Exercise goal
Could you repeat every line below exactly, skipping the images?

Data segment
========================
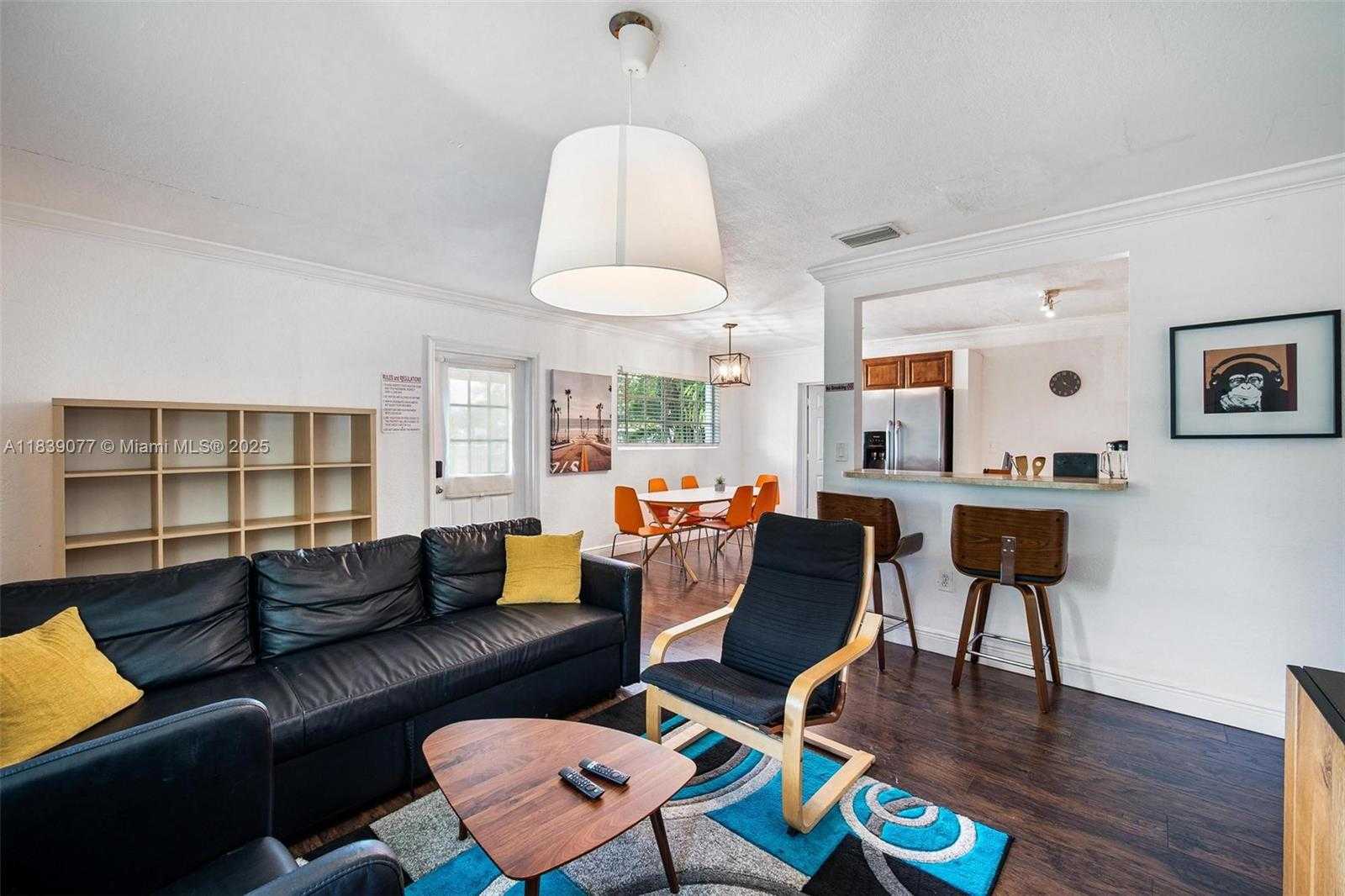 Small Image of 234 NORTH WEST 47TH ST, Miami Number 8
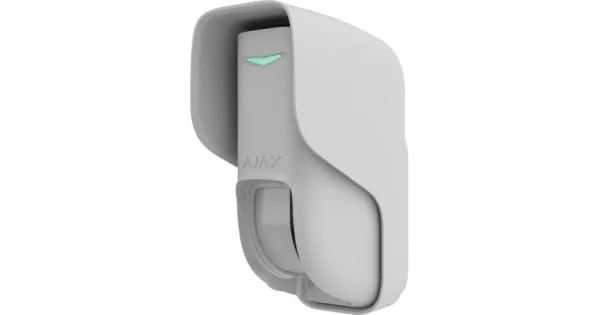 Motion sensor Curtain Outdoor (8EU) wireless white | cameraworld.eu Motion sensor Curtain Outdoor (8EU) wireless white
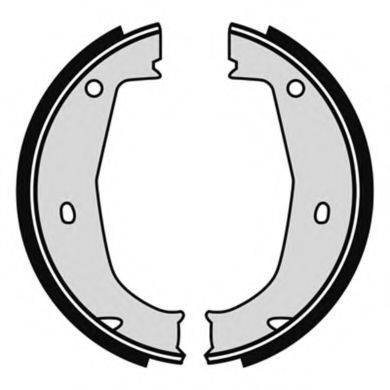 BREMBO S 06 508
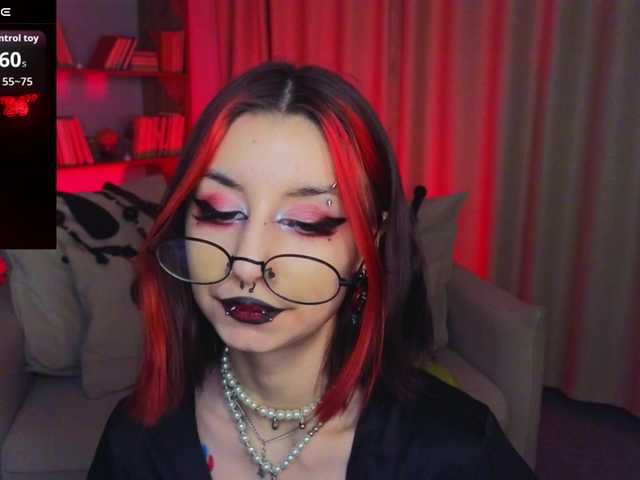 MistressMarcelline's BongaCams show and profile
========================
Written answer
 Small Image of 234 NORTH WEST 47TH ST, Miami Number 8
 Motion sensor Curtain Outdoor (8EU) wireless white | cameraworld.eu Motion sensor Curtain Outdoor (8EU) wireless white
 BREMBO S 06 508
 MistressMarcelline's BongaCams show and profile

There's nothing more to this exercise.